While at the Stationer's Company, Toy became an active printer and publisher, and became particularly interested in religious works. He worked closely with Christopher Plantin of Antwerp, who helped Toy acquire a large collection of European protestant works. Toy also entered into a dispute, along with three other printers, with Richard Jugge, over the right to print Bibles in English.

===Work with William Salesbury===
Possibly because of his Welsh background, Toy formed a friendship with the Welsh scholar William Salesbury, and worked with him professionally on several occasions. In 1567, Toy financed and published Salesbury's translation of New Testament in Welsh, the first translation made into Welsh from the original Greek. That same year, Toy financed and published Salesbury's translation of the Book of Common Prayer into Welsh, the first such translation.

Both the Bible and the Book of Common Prayer were printed by Henry Bynneman, with financing and oversight from Toy. Toy was recognized on the first page of Book of Common Prayer for providing "the costes and charges" of the publication.

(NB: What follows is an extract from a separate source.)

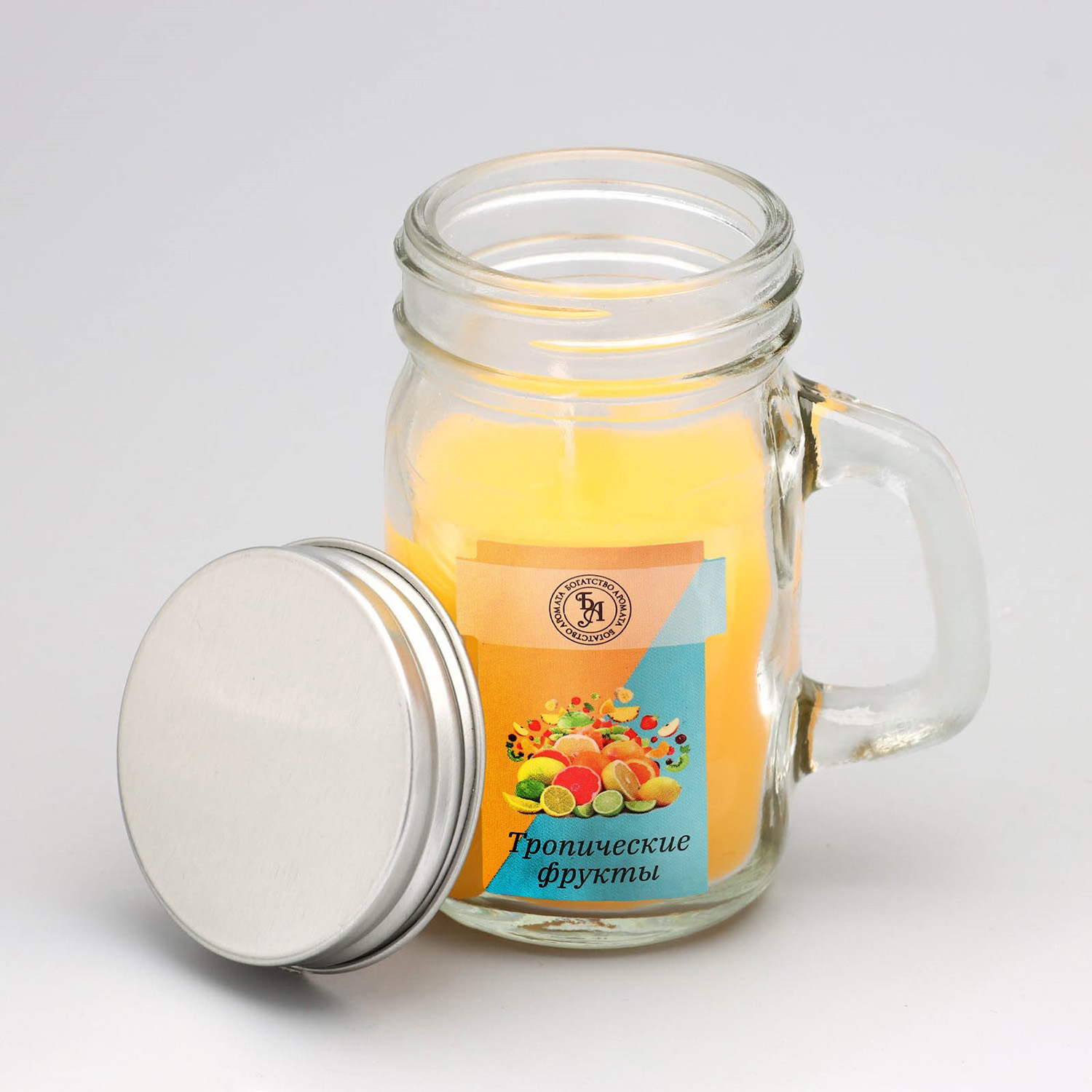 Свеча ароматическая в банке "Тропические фрукты", 7,2 х 8,5 см, 190 г   9485661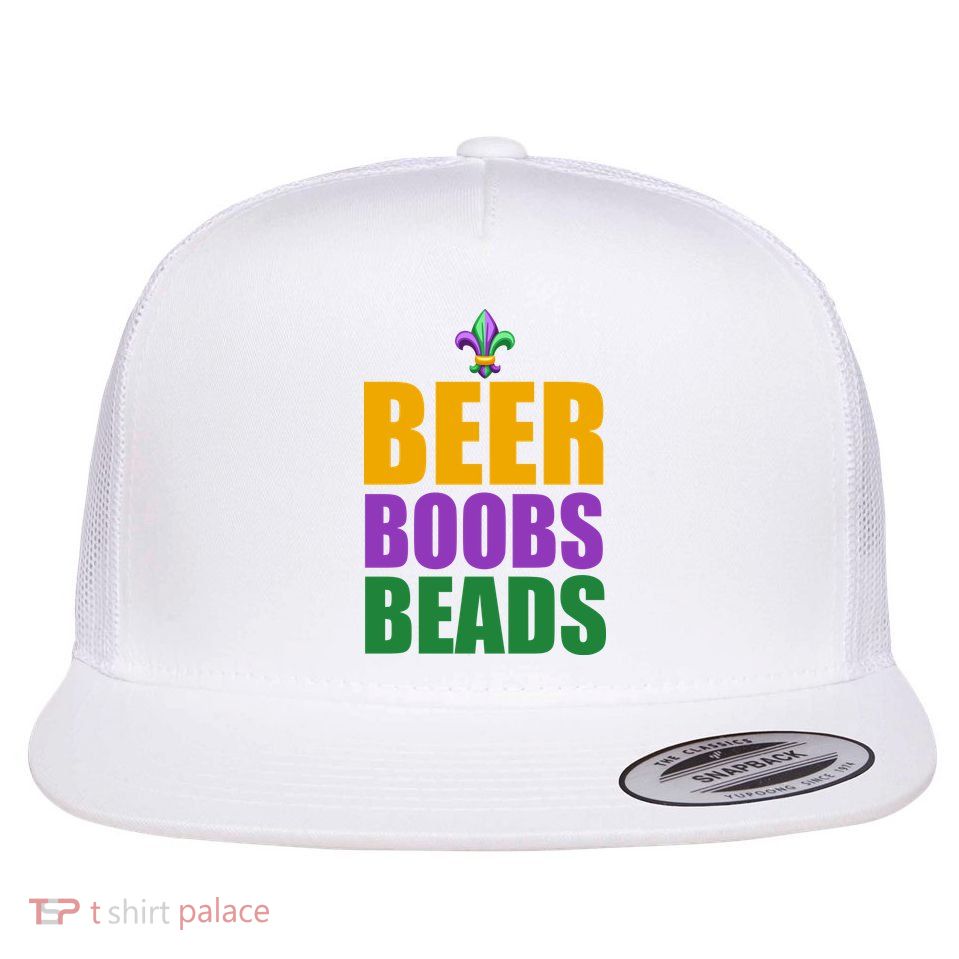Beer Boobs Beads Mardi Gras Celebration Flat Bill Trucker Hat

After the Book of Common Prayer and New Testament, Toy also published a guide to Welsh pronunciation, and several smaller works for Salesbury.

==Death==
Toy died on 16 October 1577 and was buried at All Saints' Church, Bristol. After his death, his widow Margaret and his apprentice Thomas Chard took control of his estate, and continued his work in both publishing and bookselling. Chard operated the Helmet until 1585, and it subsequently changed hands several times before disappearing in 1607.

Approximately thirty works printed by Toy are still in existence; among these, an edition of Richard Grafton's Chronicle that he printed is the most notable.